No. Sclerotherapy is generally very well tolerated. Even patients with a fear or phobia of needles have been treated with minimal fuss.
Ultrasound-guided sclerotherapy involves as many as 5-10 injections. The needle used is finer than that used to take a routine blood test. Often there is no further sensation after the injection.
Micro-sclerotherapy may involve up to 20 to 30 injections in a single treatment session. The type of needle used for this technique is the similar in size to that used for acupuncture.
4. What is trapped blood and how does it occur?
Trapped blood occurs in approximately 1 in 3 patients who receive any form of sclerotherapy. It has been mentioned earlier that sclerotherapy causes shrinkage and closure of diseased veins. Often there are sections of incompletely treated veins between segments of completely treated veins. This trapped blood causes noticeable bruising and small segments of lumpy, tender veins but does not usually occur until 2 to 4weeks after the treatment session. To prevent pigmentation, it is important to release all occurrences of trapped blood. This is done with a needle prick and requires no other special care or attention.
Diagram of an incompletely treated vessel
5. Can sclerotherapy be unsafe?
Patients who are either immobile or unable to wear grade 2 compressive stockings are not suitable for sclerotherapy. Also patients with a strong history of deep-vein thrombosis (DVT) or blood clotting disorder must be treated with extreme caution.

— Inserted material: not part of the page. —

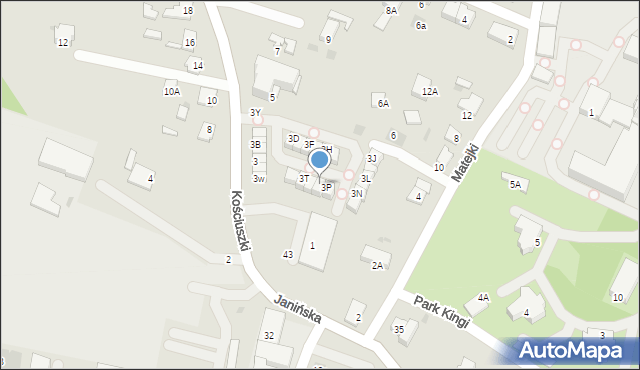 Wieliczka, Kościuszki Tadeusza, gen., 3R, mapa Wieliczka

DVT risk factors can be readily identified with the Personal Profile©. The risk of DVT per sclerotherapy treatment has been reported in the scientific literature as ranging from 1 in 500 to 1 in 1000. In simple terms, the risk of DVT with sclerotherapy treatment is approximately equivalent to the DVT risk associated with flying long distances, taking hormone tablets or smoking heavily. Remember also that untreated varicose veins are a risk on their own. Early detection and prompt treatment remain the best option for managing this complication.
In patients with no additional risk factor, sclerotherapy is a very safe treatment option.

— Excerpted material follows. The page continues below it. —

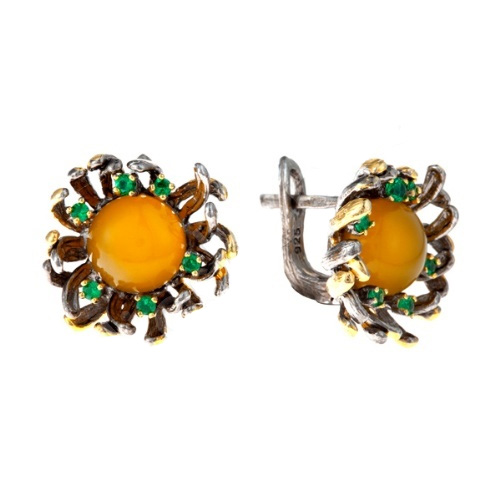 Серьги из серебра с янтарем 16С126135 Серьги (Ag 925)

6. Will abnormal veins keep coming back?
Generally, veins treated adequately by sclerotherapy do not recur.
It is more important, however, to understand that the underlying weakness in the vein walls is not corrected by sclerotherapy and therefore new vessels will be expected to appear with time.

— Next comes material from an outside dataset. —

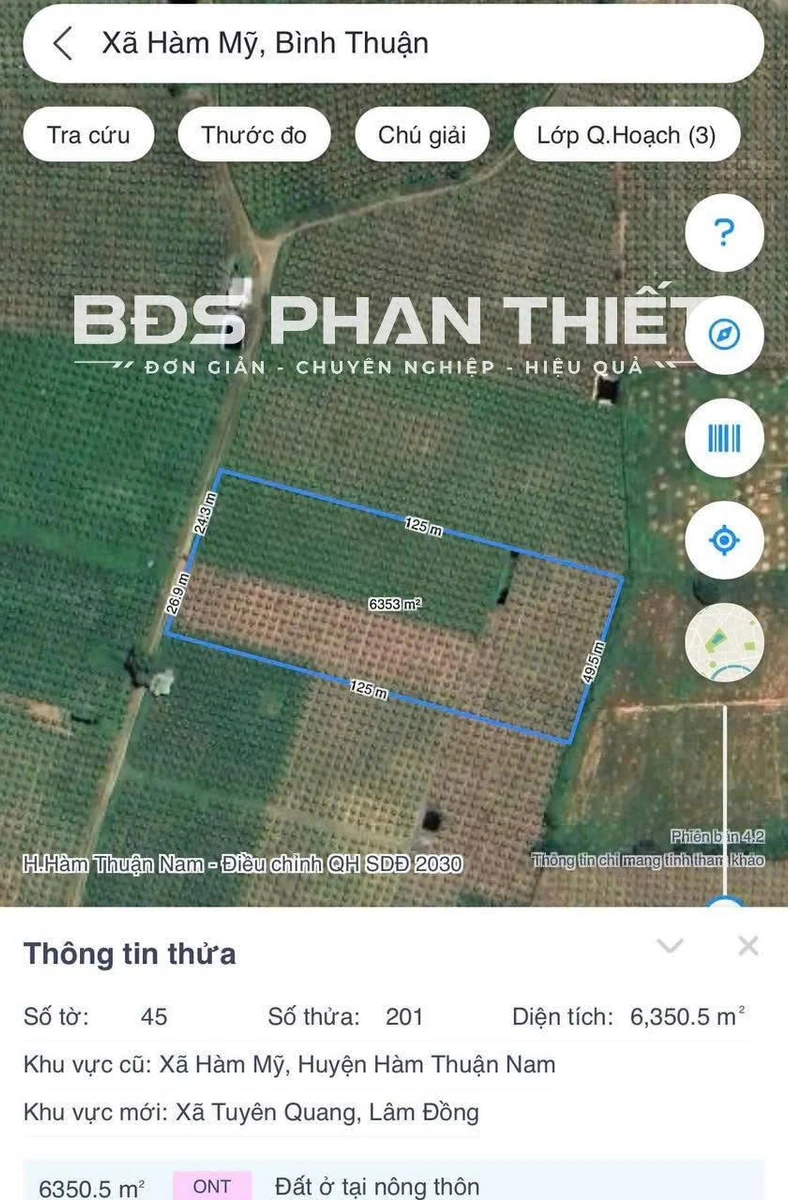 Bán đất 9.550,5 m² Hàm Mỹ, Hàm Thuận Nam - 16 tỷ - Ảnh 1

It is important to maintain normal body weight, exercise regularly and avoid wearing high-heeled shoes to minimise the development of dilated veins.
An annual check-up is recommended to detect the development of new veins earlier. These can then be treated far more readily. Future sclerotherapy treatments should be expected in most cases
7. Can sclerotherapy be undergone if pregnant or breast-feeding?
Sclerotherapy should not be performed on patients who are pregnant or intending to become pregnant. The same rule applies to mothers who are breast feeding. There is no current data available on the effect of using sclerosants during pregnancy or breast feeding.
If planning a pregnancy, undergoing sclerotherapy treatment well in advance of becoming pregnant is advisable as it may assist in reducing the overall disease progression during pregnancy. Unlike surgical stripping, new varicose veins that may appear following pregnancy can be quite easily managed with sclerotherapy.
8. How long does the procedure take?
Sclerotherapy procedures are remarkably painless and do not involve long procedures or hospital stays.
The micro-sclerotherapy procedure is performed in the treatment room and takes approximately 1 hour for the entire process. This includes set-up, pack-up, application of stockings etc. The ultrasound-guided sclerotherapy procedure takes approximately the same amount of time but is performed in the vascular laboratory at the same premises.